The following is an edited transcription of the audio.
What does Christianity say about the eternal state of our bodies?
One of the beliefs about the body that was prevalent in Paul's time came from Plato. It viewed the body as a necessary and temporary evil that imprisons the human soul; and the sooner it could be shed then the sooner a person could reach a more perfect state.
That is profoundly different than the way that God designed us and the Bible describes us. The body is not a mere prison of a soul which wants to get free. The body is the means by which the spirit, the soul, and the heart express themselves through visible activity in the material world. And God wants to be made glorious in our bodies. Paul longs in Philippians 1:19-20, "O that I might magnify Christ in my body, whether by life or by death." So the body is a God-given instrument for magnifying Christ.
If we lose the body forever we lose a God-ordained instrument for making much of God. Therefore the future of the body, as described in the New Testament, is that the body will be redeemed. It dies, goes into the grave, it decomposes; but when Christ returns he raises the body. He gives us a body like his resurrected body. He reunites our personality to the body. He makes it whole and complete, and he wipes away every disease, depression and discouragement. And we enter a new heaven and new earth with this body. Therefore it becomes an instrument of praise forever.
You can't say with the Platonists that the body is a prison or a necessary evil. It's not. It's an instrument of worship.
If God is going to heal us in the end, why doesn't he just do it now?

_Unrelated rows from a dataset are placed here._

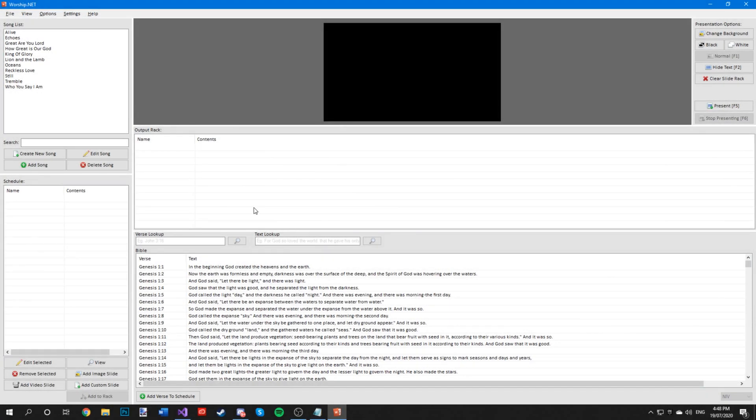Hi guys, my name is Brandon and I'm the developer of Worship.net. Today I'll be giving you a quick basic tutorial on how to use the program and the features that are within the program itself.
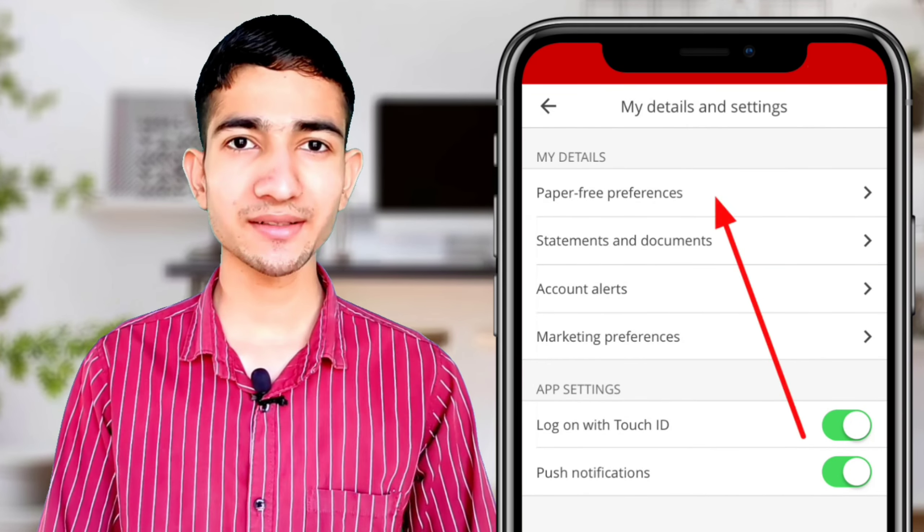Also the option of E-Documents. If you want to download your transaction, you can download it, but I want to download my statement from it, so we have to tap on the E-Documents.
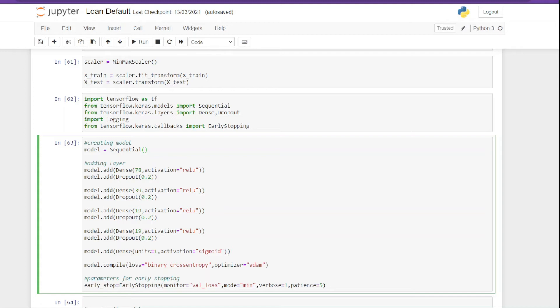Next we are compiling the model, that is we are setting the parameters for training. So here the loss will be binary cross-entropy because our problem is binary classification. Next we are setting the optimizer equal to Adam.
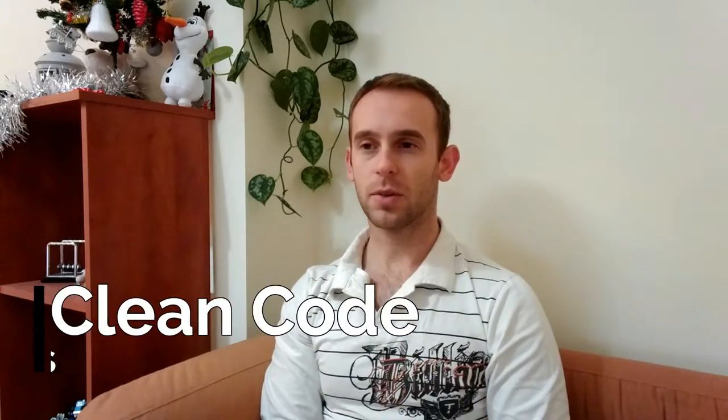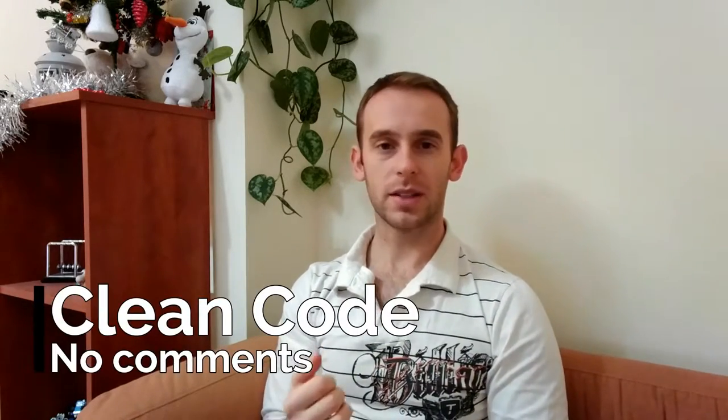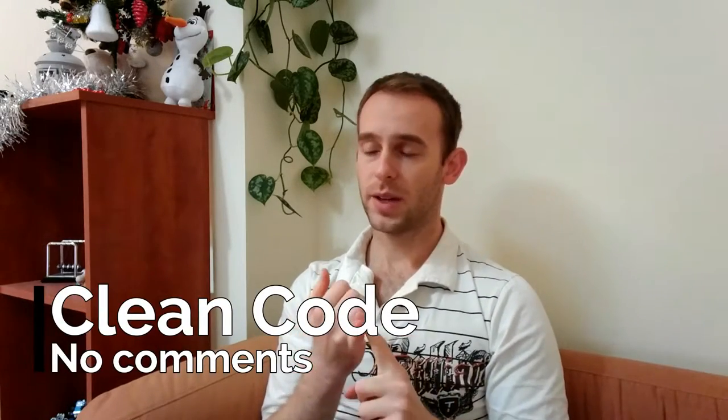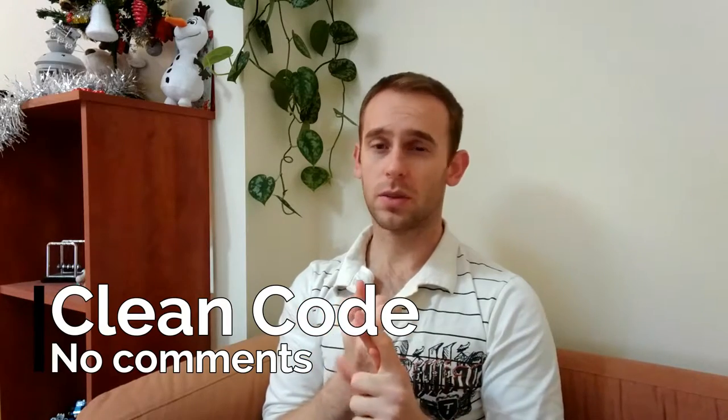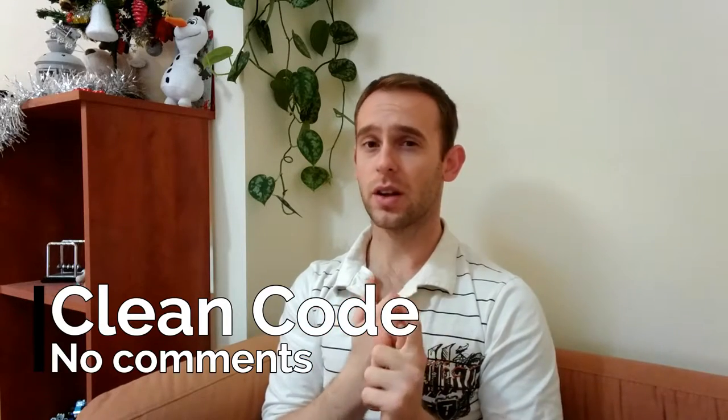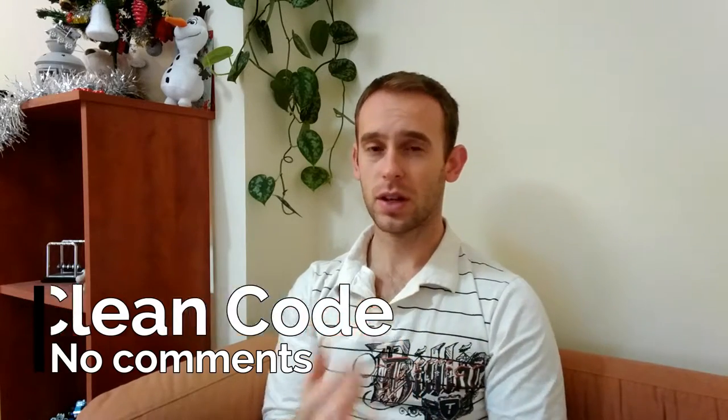Hello guys and welcome to my clean code series, where I'm talking about how to write cleaner, understandable and more readable code. In this episode, I'm going to talk about comments, why they are bad, and I'm going to show you some use cases when they are actually helpful. So let's start!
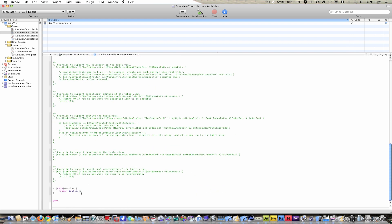Down in dealloc, add array release. Then build — and it succeeded.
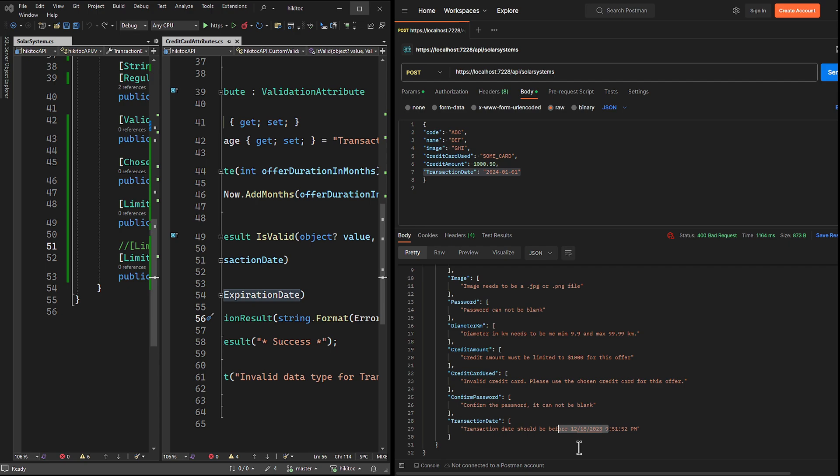In the next lesson, we will explore the creation of custom validation attributes with multiple properties. Additionally, I will provide an explanation of the ValidationContext class, including its available properties and methods. This class allows us to access information about the object being validated and the validation process.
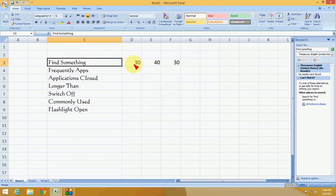This is how to convert text to capital, small, or proper case in Excel. I hope this helps you. Thank you for watching, and please don't forget to like, comment, and subscribe.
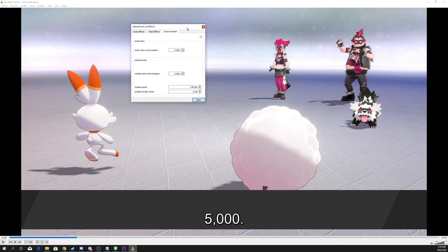Go down to Subtitle Track Synchronization and adjust the time in seconds. If the subtitle is too early, then simply put the time in. If your subtitle is showing up late, then be sure to add a minus.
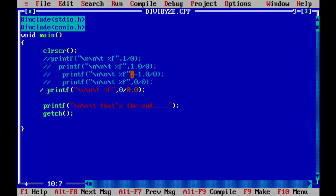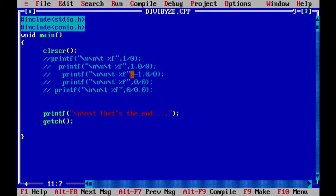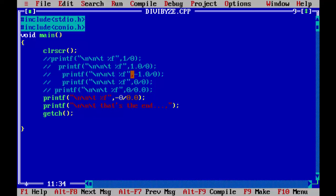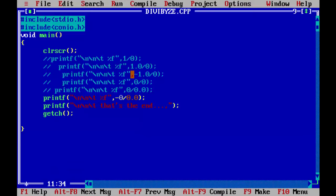Let me comment that out and take another statement. If I write minus 0 by 0.0, the result is again the same — NaN. We do not get minus NaN here. There is no such thing as minus NaN or plus NaN; there is only one constant when it comes to dividing integer 0 with floating point 0, and that result will be NaN only — not a number.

That seems to be part of the larger question of why there is a history of redemption at all. Why didn't God just kill off Adam and Eve after they fell and start over again with a redeemed humanity with no millennia-long struggle with sin and corruption? Why didn't he do it that way? He could have!
He is going to snap his fingers one day and extinguish all evil on this earth. He'll snap his finger and make us holy that day too. And if he can do it someday he can do it now. So why this long, drawn-out battle with sin and disease?
I believe that there are things that God wants to reveal—about the nature, depth, and depravity of sin, and about his own patience, love, and wisdom—that are better displayed by a long history of redemption and a lifetime of struggling out of sin and towards holiness. These things are better displayed through time than if he had simply, in an instant, taken all of my sin away and made me holy the day I got converted, or taken all of redemptive history away and made mankind holy one hour after Adam and Eve fell.
God plans that there be a long history of redemption and a long battle in every individual's life, because in that battle certain elements of his glory, patience, wisdom, love, kindness, wrath, and justice are displayed in ways they would not be displayed if he redeemed things instantaneously.